Kunlun Distributed DBMS Architecture

kunlun 提交于 周五, 05/07/2021 - 11:40

Kunlun Distributed DBMS Architecture

#KunLun Distributed database cluster

KunLun distributed database cluster(Kunlun DDC) is a distributed relational database management system developed to manage massive amount (tera-bytes up to peta-bytes) of relational data and serve massive concurrent data read and/or write access workloads with low latency and high throughput. It provides robust transaction ACID guarantees, high scalability, high availability and transparent data partitioning and elastic horizontal scale-out capabilities, and standard SQL query support over distributed or partitioned data. All of these features altogether are known as NewSQL capabilities, i.e. Kunlun DDC is a NewSQL OLTP distributed RDBMS.

Users and applications could connect to Kunlun DDC using JDBC/ODBC, client libraries of PostgreSQL and MySQL in future, and client libraries for scriting languages like php/python/go/ruby/.net, and interact with Kunlun DDC exactly the same way they would do with a standalone MySQL or PostgreSQL database instance using standard SQL using standard SQL, and get all the above NewSQL benefits without any work or effort on the client side. Especially, applications can utilize OR mapping tools like hibernate and Mybatis to access relational data so as to avoid manually writing SQL statements in application code.

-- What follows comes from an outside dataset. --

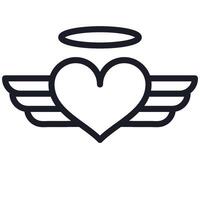 Flying Heart with Wings for Valentine Icon vector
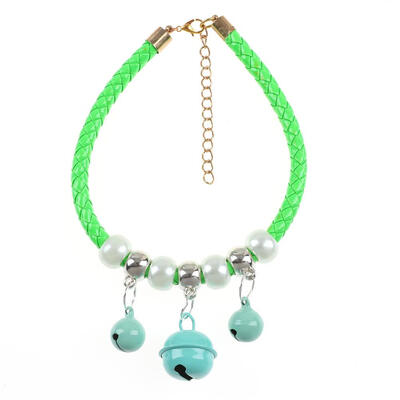 

Fashion Pet Dog Cat Kitten Collar Adjustable PU Necktie Necklace with Bells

By using Kunlun DDC, users can quickly develop robust, highly available and highly scalable information systems that are capable of processing hundreds of terabytes of data or more with no engineering effort to implement the NewSQL features, all the challenges are conquered by Kunlun DDC, which greatly reduces the cost and difficulty and timespan required to develop such system and improves the overall quality (availability, robustness, stability, scalability, and performance) of such systems.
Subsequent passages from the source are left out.